These photodetectors are ubiquitous components in today’s arsenal, guiding bombs and missiles with pinpoint accuracy.
A decade after the Gulf War, the US is again involved in a military campaign, with “smart” weapons playing a key role. In fact, the political success of this effort has depended in part on the ability to keep collateral damage to an absolute minimum while effectively targeting specific groups and installations. Thus, it is easy to argue that smart weapons have never been more important.
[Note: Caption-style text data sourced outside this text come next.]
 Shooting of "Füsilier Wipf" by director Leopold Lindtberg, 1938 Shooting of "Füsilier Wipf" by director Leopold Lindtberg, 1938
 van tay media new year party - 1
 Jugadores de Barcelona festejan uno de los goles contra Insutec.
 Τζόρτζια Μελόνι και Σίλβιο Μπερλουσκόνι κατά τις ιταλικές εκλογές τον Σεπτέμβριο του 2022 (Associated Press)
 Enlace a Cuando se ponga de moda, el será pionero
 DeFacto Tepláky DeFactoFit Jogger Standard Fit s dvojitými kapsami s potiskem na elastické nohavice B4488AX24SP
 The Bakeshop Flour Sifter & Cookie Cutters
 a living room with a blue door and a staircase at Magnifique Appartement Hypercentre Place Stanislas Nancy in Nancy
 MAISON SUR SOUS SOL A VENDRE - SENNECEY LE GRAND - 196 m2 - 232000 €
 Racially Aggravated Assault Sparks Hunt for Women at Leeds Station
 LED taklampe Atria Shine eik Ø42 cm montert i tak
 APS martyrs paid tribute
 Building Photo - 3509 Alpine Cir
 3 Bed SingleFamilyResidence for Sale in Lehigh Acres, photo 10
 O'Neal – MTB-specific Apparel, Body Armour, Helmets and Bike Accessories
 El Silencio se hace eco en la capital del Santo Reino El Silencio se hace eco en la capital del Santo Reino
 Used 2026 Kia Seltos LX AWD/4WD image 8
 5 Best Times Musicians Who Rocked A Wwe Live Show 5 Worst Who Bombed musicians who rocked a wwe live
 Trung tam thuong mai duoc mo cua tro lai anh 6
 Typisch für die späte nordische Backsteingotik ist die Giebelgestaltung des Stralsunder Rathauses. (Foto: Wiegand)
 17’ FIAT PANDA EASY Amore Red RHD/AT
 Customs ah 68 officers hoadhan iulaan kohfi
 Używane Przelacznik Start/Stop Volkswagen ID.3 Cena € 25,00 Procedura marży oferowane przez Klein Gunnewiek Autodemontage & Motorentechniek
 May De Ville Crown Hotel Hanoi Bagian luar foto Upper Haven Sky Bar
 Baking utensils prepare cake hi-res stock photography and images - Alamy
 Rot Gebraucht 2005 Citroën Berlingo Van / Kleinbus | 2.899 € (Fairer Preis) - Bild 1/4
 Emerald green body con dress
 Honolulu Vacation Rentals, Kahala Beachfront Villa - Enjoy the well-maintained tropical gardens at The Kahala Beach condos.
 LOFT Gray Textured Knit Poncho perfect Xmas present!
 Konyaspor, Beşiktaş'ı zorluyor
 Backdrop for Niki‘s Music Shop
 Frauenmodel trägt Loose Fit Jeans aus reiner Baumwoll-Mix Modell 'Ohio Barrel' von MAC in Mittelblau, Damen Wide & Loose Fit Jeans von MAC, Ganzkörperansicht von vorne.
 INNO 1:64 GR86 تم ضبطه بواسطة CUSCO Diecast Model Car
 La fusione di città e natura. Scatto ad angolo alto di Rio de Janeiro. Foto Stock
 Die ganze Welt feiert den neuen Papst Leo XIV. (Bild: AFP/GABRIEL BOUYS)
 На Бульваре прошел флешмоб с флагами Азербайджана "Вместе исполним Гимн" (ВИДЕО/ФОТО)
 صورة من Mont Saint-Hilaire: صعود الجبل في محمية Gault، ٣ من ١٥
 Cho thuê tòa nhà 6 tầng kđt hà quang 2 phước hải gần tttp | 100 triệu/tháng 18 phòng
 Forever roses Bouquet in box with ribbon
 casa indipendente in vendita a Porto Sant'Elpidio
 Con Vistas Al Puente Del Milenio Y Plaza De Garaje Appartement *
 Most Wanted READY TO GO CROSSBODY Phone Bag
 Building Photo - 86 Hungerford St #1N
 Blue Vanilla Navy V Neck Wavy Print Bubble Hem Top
Most smart weapons rely on some type of photonics technology to provide target guidance or acquisition. Photodiodes are the photodetectors of choice in many of these weapons because they offer numerous important advantages, such as compact, lightweight packaging, custom configurations, rugged reliability and solid-state efficiency. There are several diverse ways in which photodiodes are used to enable smart weapons.

Laser guidance

The goal of an offensive smart weapon is to actively guide a bomb or a missile to its designated target. Because all onboard systems are destroyed on impact, it is not economical to incorporate complex, expensive components and systems in general-purpose bombs and smaller missiles. A popular approach for these types of ordnance is laser guidance. In this technique, a laser beam marks the surface of the target with an intense spot of radiation. An Nd:YAG at 1.06 μm typically does the marking. This wavelength offers the advantage of stealth (it is invisible) while being easily detectable with silicon PIN photodiodes.

In operation, a laser beam is directed at the target either from the launch platform or by a third party, including covert ground operations personnel. Light reflected from the target enters the front of the missile through the so-called dome. In most cases, the dome optics are molded polycarbonate plastic, to minimize overall cost and weight. These optics also include a bandpass filter to block light outside the laser wavelength. In this way, a high-contrast image of the laser spot is focused onto a photodetector assembly, mounted immediately behind the dome.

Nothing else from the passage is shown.